Tel est le désir tendu « à faire, dans la mesure de nos forces, tout ce qui se déduit de notre nature, » 307 in Spinoza & la sexualité

« LORSQUE,

pour une raison ou pour une autre,

nous devenons capables de produire plus d'effets qu'auparavant (nous réjouir est cela même),

nous nous efforçons nécessairement d'accomplir jusqu'au bout les OPÉRATIONS que notre aptitude nouvelle rend possibles;

DE CE SEUL FAIT, tel le fleuve qui creuse son lit en s'écoulant par où il peut, NOUS TENDONS À RESTER dans l'état qui autorise ces performances supplémentaires,

DONC

À CONSERVER

OU

À RÉACTUALISER

la cause

QUE nous lui assignons [au désir]

& QUE nous imaginons à travers lui◊ »

Mais la belle langue charniérée que voilà ! Alexandre Matheron reformule ainsi, actualise Éthique III, 12 et Éthique III, 13, scolie◊



Extraites du site de Julien Gautier, ces deux propositions, en latin et selon la traduction proposée par Robert Misrahi:

propositio 12 Mens quantum potest ea imaginari conatur quae corporis agendi potentiam augent vel juvant.

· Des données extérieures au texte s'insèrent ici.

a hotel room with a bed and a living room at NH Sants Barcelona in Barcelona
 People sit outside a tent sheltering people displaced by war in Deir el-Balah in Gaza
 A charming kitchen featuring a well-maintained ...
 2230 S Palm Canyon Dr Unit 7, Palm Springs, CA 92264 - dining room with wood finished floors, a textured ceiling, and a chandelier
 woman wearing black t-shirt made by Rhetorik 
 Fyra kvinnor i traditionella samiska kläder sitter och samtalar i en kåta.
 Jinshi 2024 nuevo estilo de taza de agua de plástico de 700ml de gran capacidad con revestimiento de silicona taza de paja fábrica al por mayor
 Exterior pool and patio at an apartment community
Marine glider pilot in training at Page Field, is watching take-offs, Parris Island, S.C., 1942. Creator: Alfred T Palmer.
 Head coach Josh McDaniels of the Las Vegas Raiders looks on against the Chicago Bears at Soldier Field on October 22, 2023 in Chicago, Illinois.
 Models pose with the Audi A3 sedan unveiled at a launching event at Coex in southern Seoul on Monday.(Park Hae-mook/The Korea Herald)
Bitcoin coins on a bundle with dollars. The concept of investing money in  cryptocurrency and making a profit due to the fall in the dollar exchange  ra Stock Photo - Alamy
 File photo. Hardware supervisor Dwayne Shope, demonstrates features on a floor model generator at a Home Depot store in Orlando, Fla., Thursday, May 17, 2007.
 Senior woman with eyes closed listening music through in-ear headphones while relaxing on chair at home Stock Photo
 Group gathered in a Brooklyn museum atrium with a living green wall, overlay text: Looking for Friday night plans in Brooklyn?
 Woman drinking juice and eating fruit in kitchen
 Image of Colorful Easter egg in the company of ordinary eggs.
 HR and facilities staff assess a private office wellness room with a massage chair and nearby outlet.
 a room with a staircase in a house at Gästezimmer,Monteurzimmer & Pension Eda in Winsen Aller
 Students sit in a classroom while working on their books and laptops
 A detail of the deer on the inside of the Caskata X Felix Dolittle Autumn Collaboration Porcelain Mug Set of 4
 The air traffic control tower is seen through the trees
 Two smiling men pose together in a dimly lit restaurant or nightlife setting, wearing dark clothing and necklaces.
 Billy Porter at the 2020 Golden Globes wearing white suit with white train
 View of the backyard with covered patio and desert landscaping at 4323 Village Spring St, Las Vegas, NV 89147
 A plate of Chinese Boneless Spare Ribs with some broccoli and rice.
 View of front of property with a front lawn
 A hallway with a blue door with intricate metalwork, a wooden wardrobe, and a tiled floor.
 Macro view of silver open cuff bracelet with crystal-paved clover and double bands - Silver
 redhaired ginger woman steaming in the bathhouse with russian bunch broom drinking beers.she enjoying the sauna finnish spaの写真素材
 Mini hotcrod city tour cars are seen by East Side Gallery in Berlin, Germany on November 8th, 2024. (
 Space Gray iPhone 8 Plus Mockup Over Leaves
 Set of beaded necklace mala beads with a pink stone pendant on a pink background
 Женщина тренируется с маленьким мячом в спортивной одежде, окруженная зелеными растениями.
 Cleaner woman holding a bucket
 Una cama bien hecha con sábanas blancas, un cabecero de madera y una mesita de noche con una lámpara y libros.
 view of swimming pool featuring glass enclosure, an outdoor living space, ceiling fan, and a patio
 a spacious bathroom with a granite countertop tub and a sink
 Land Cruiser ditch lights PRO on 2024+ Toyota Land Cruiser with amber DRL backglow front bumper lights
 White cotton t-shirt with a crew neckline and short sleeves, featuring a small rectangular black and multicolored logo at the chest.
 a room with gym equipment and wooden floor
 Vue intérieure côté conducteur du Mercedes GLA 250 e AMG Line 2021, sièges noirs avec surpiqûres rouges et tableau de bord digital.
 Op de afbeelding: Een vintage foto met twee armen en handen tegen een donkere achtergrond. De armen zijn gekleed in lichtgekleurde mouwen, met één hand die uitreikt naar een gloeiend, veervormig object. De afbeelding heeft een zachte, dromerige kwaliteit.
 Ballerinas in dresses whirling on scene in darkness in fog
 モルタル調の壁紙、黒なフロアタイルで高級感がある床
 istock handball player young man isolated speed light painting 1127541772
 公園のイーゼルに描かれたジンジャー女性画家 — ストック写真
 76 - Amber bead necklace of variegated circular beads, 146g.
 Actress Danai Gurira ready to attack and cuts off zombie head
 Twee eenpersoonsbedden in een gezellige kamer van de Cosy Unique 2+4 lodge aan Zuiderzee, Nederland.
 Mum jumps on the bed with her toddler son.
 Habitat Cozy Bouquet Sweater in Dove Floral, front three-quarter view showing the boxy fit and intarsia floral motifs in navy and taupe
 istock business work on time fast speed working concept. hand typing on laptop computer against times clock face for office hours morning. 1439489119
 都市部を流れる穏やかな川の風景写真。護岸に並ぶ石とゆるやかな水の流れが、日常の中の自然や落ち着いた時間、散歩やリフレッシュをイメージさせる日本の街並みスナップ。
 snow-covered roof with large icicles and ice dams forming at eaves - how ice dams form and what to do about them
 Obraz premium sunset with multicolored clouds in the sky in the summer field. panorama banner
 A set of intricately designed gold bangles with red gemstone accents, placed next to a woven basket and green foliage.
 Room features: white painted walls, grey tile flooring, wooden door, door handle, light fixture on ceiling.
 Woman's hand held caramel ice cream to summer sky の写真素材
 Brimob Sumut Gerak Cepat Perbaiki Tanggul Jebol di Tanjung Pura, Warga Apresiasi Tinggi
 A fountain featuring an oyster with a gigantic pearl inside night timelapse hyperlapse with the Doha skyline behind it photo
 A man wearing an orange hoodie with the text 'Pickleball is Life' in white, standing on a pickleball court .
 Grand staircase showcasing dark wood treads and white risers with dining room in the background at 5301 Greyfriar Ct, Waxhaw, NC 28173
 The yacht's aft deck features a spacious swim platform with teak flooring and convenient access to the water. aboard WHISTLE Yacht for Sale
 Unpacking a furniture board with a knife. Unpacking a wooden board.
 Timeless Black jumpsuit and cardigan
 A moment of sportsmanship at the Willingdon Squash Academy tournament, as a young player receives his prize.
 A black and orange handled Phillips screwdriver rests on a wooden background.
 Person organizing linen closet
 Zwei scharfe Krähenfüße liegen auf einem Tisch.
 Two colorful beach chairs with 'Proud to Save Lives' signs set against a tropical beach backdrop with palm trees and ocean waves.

 L'Esprit, autant qu'il le peut, s'efforce d'imaginer ce qui accroît ou ce qui seconde la puissance d'agir du Corps. (Misrahi - fr)
propositio 13 Cum mens ea imaginatur quae corporis agendi potentiam minuunt vel coercent, conatur quantum potest rerum recordari quae horum existentiam secludunt.

Quand l'Esprit imagine des objets qui réduisent ou répriment la puissance d'agir du Corps, il s'efforce de se rappeler, autant qu'il le peut, ce qui exclut l'existence de ces objets. (Misrahi - fr)

 corollarium 3, prop 13, cor  - Hinc sequitur quod mens ea imaginari aversatur quae ipsius et corporis potentiam minuunt vel coercent.

3, prop 13, cor  - Il suit de là que l'Esprit répugne à imaginer ce qui réduit ou réprime sa propre puissance d'agir et celle de son Corps. (Misrahi - fr)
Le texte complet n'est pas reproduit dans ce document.